• TASK REQUIREMENTS:
Starting from the line that holds "Análise: argumentação de", print every line through the end of the records, first and last included.

Start of Block

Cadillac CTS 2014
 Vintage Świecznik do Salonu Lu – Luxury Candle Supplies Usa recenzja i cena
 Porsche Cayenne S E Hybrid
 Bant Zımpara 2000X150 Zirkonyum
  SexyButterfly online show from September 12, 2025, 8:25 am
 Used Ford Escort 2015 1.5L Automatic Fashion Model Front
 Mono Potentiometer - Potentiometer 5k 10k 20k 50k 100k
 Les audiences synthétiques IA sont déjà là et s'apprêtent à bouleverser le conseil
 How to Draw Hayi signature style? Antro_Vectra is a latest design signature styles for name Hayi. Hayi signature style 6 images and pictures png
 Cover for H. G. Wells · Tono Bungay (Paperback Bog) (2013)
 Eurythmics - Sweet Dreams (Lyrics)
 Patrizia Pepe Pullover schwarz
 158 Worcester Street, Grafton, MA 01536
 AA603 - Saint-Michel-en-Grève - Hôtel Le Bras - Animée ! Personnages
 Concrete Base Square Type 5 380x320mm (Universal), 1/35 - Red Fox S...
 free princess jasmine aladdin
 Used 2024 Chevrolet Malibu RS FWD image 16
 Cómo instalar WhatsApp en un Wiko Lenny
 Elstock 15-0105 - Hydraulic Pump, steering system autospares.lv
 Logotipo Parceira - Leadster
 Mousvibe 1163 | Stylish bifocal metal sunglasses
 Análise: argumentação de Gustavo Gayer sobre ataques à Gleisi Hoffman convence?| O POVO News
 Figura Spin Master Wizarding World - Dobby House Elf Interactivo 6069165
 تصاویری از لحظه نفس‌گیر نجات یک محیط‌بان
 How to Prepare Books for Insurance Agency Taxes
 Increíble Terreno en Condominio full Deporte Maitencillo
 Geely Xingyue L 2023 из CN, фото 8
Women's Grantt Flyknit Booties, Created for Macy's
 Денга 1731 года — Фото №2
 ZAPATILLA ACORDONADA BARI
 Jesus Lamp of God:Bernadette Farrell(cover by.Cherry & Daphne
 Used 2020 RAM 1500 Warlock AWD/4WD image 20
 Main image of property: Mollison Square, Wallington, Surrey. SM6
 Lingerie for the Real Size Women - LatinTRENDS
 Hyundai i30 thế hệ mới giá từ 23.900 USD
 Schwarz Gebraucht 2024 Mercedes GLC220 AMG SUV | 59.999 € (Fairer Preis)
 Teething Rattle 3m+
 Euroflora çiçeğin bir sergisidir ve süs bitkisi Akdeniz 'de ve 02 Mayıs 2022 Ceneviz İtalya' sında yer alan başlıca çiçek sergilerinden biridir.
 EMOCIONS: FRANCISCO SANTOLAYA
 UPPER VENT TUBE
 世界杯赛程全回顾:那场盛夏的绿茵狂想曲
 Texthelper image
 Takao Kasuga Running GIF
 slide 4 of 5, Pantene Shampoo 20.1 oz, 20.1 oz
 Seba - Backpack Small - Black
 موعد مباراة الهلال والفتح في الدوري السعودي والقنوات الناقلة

End of Block

• WRITTEN RESPONSE:
 Análise: argumentação de Gustavo Gayer sobre ataques à Gleisi Hoffman convence?| O POVO News
 Figura Spin Master Wizarding World - Dobby House Elf Interactivo 6069165
 تصاویری از لحظه نفس‌گیر نجات یک محیط‌بان
 How to Prepare Books for Insurance Agency Taxes
 Increíble Terreno en Condominio full Deporte Maitencillo
 Geely Xingyue L 2023 из CN, фото 8
Women's Grantt Flyknit Booties, Created for Macy's
 Денга 1731 года — Фото №2
 ZAPATILLA ACORDONADA BARI
 Jesus Lamp of God:Bernadette Farrell(cover by.Cherry & Daphne
 Used 2020 RAM 1500 Warlock AWD/4WD image 20
 Main image of property: Mollison Square, Wallington, Surrey. SM6
 Lingerie for the Real Size Women - LatinTRENDS
 Hyundai i30 thế hệ mới giá từ 23.900 USD
 Schwarz Gebraucht 2024 Mercedes GLC220 AMG SUV | 59.999 € (Fairer Preis)
 Teething Rattle 3m+
 Euroflora çiçeğin bir sergisidir ve süs bitkisi Akdeniz 'de ve 02 Mayıs 2022 Ceneviz İtalya' sında yer alan başlıca çiçek sergilerinden biridir.
 EMOCIONS: FRANCISCO SANTOLAYA
 UPPER VENT TUBE
 世界杯赛程全回顾:那场盛夏的绿茵狂想曲
 Texthelper image
 Takao Kasuga Running GIF
 slide 4 of 5, Pantene Shampoo 20.1 oz, 20.1 oz
 Seba - Backpack Small - Black
 موعد مباراة الهلال والفتح في الدوري السعودي والقنوات الناقلة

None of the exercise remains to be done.